[jdbc] Refactor make-cached-row-num->i->thunk #179

alexander-yakushev · 2024-09-13T20:54:06Z

I made two changes to make-cached-row-num->i->thunk:

Apparently, the cache implemented in this function was not working because the cached value was just discarded, and the new value was always recomputed and re-cached.
I removed one level of closures/thunking in the implementation while keeping the interface the same.

I also have a few questions for some future potential changes:

Why does the internal function take current-row-num if it is in fact only used for clearing the cache? Can (.getRow rset) be used instead, like in other functions?
What is it caching anyway?
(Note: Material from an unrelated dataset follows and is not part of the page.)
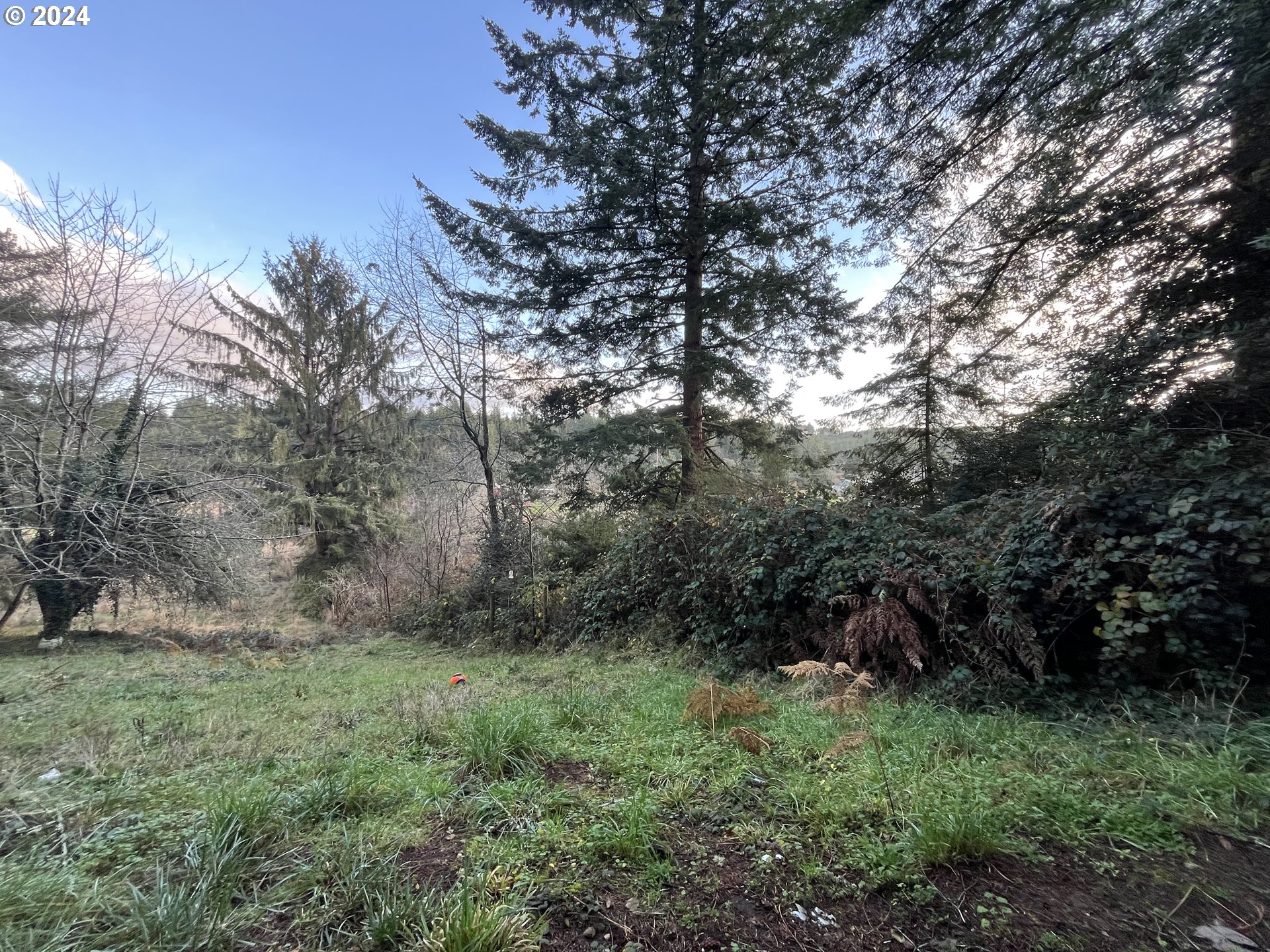 63107 Fruitdale Road Coos Bay, OR 97420 - Photo 35 of 41 Gallery Image 35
It looks to me that read-column-thunk (which eventually produces the actual values that are then put into cached-values atom) doesn't seem to perform anything worth caching. This is probably the reason why nobody noticed yet that cache wasn't actually working.

If cache was not needed here, the function and approach can be simplified much more. If backward compatibility of these particular functions is not a concern (they look like a part of the internal API), then even more improvements are possible.

codecov · 2024-09-13T21:00:24Z

Codecov Report

Attention: Patch coverage is 84.61538% with 2 lines in your changes missing coverage. Please review.

Project coverage is 83.12%. Comparing base (e14a45e) to head (bf301c2).
Report is 4 commits behind head on master.

Files with missing lines	Patch %	Lines
src/toucan2/jdbc/read.clj	84.61%	2 Missing ⚠️

Additional details and impacted files

@@            Coverage Diff             @@
##           master     #179      +/-   ##
==========================================
- Coverage   83.23%   83.12%   -0.12%     
==========================================
  Files          37       37              
  Lines        2511     2506       -5     
  Branches      215      215              
==========================================
- Hits         2090     2083       -7     
- Misses        206      208       +2     
  Partials      215      215

☔ View full report in Codecov by Sentry.
📢 Have feedback on the report? Share it here.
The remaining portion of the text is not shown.